Tension with a new slate of trustees appears to have contributed to the abrupt resignation of the president of Broward College. Observers worry the leadership turnover could jeopardize gains by the Florida community college, which is widely viewed as a leader on workforce education and getting creative to better serve low-income students.
It’s unclear why Gregory Haile stepped down last week after five years at the helm. None of the sources I contacted would comment on the situation, with several saying they lacked specific information about it. Here’s what we know:
- Ron DeSantis, Florida’s Republican governor, in February appointed four trustees to the Broward College District’s five-member Board of Trustees.
- Three of the trustees were new appointments. One of the new trustees, Alexis Yarbrough, is the board’s chair.
- Yarbrough told the South Florida Sun Sentinel editorial board that Broward’s enrollment is in a “nosedive” and the college has no plan to fix it. She also alleged that the college faces potential budget shortfalls, is unprepared for impending accreditation interviews, and lacks a long-range marketing plan.

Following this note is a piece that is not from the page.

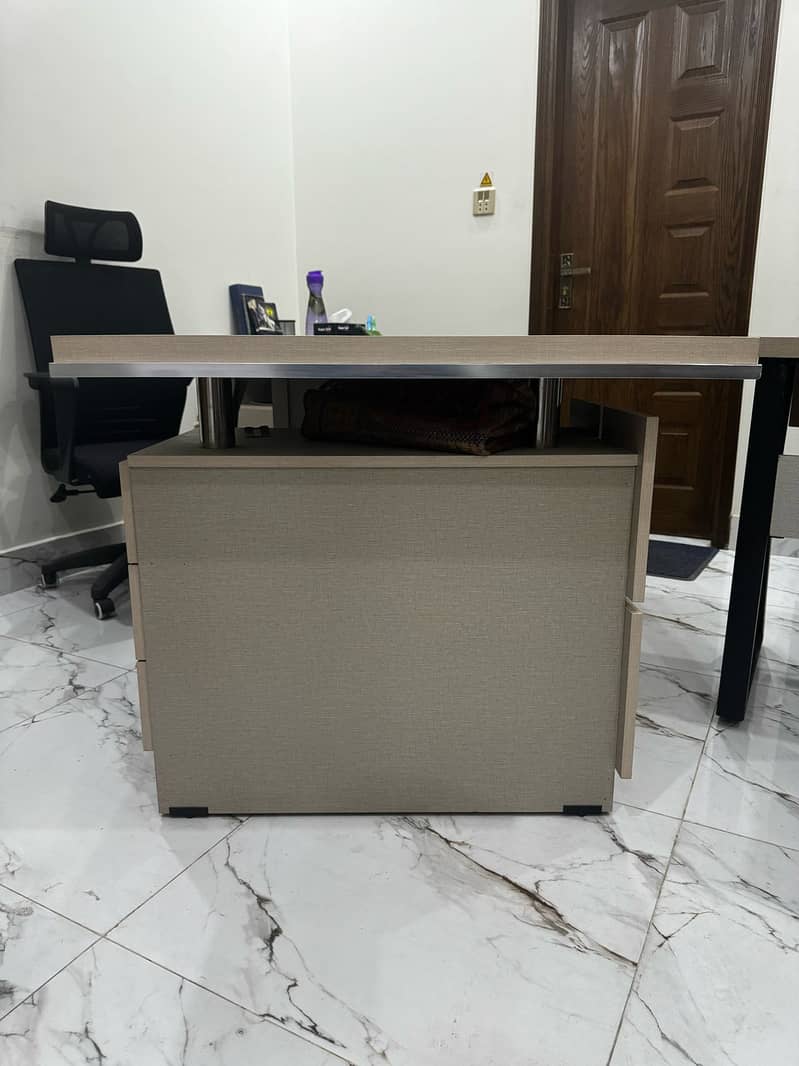 Corporate Office Table along With Side Table Set. Customised 4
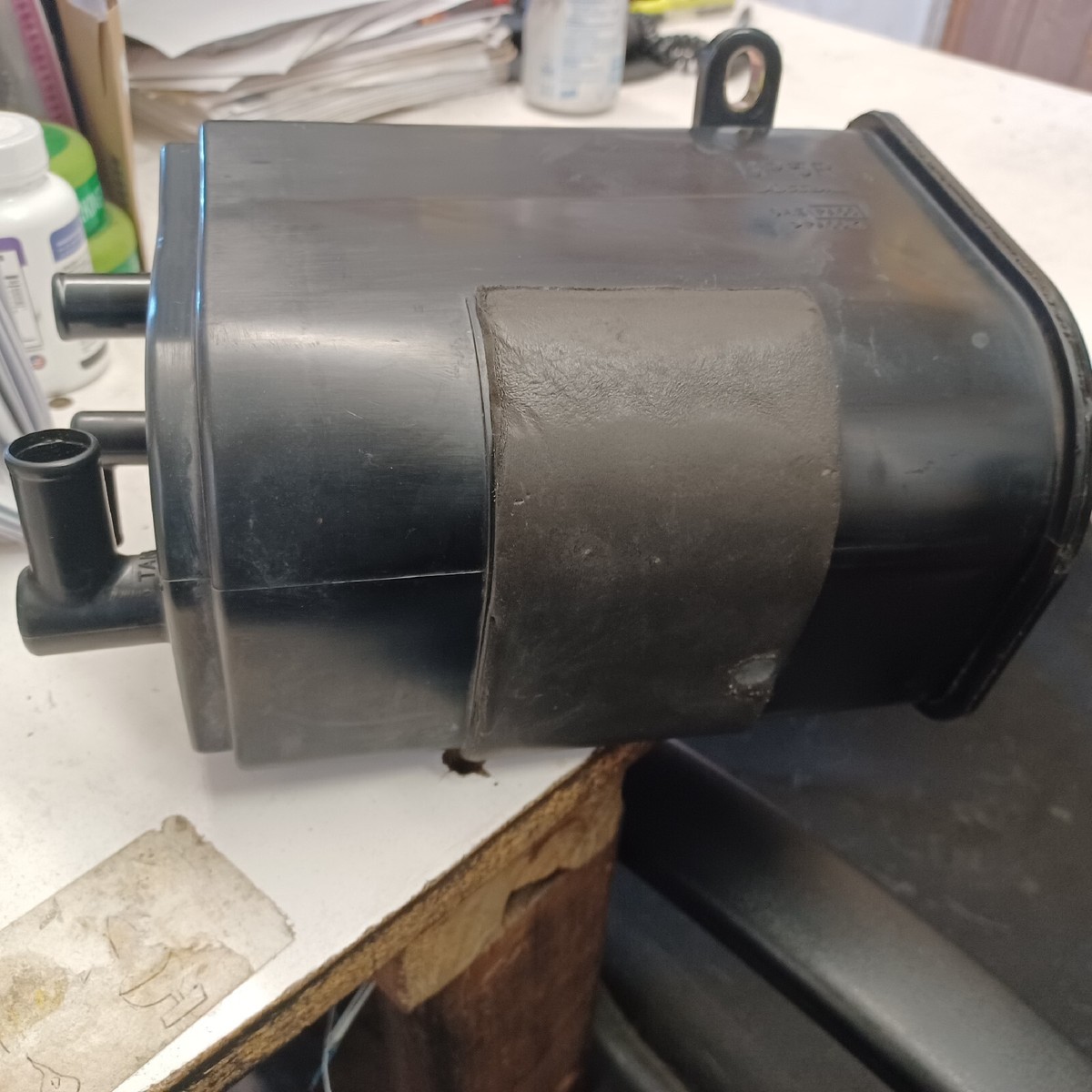 00 MAZDA MX-5 MIATA OEM FUEL VAPOR EVAPORATOR CHARCOAL CANISTER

- Haile in his resignation letter pointed to the DeSantis appointments, saying the board as a whole is new. He cited the college’s recent achievements and its $90M in cash reserves, foundation asset growth, lack of adverse financial audit findings, and success with fundraising and grants.
DeSantis has been waging a high-profile culture war with several of Florida’s public colleges and universities. Broward is not the first two-year college in the state to have a leadership struggle that features allies of the governor and raises concerns about political influence.

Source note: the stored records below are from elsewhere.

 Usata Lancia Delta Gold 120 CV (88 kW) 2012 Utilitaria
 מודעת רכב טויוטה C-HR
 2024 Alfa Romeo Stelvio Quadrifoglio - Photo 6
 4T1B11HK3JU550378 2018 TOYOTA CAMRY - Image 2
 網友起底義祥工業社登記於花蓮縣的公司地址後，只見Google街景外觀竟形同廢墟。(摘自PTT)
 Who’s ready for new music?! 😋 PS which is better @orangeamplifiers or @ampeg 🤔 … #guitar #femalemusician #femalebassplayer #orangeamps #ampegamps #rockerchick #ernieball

Yet while politics and power tussles are nothing new for community college boards, the sector tends to fly under the radar in a nation obsessed with partisan bickering. Community colleges are consistently the most popular segment of higher education, across party lines. For example, three quarters of Republican respondents to a recent poll from New America said they are comfortable supporting community colleges with their tax dollars.
That bipartisan backing is reflected in new state dollars, including a huge infusion in Texas and roughly $4B in state funding for short-term training programs.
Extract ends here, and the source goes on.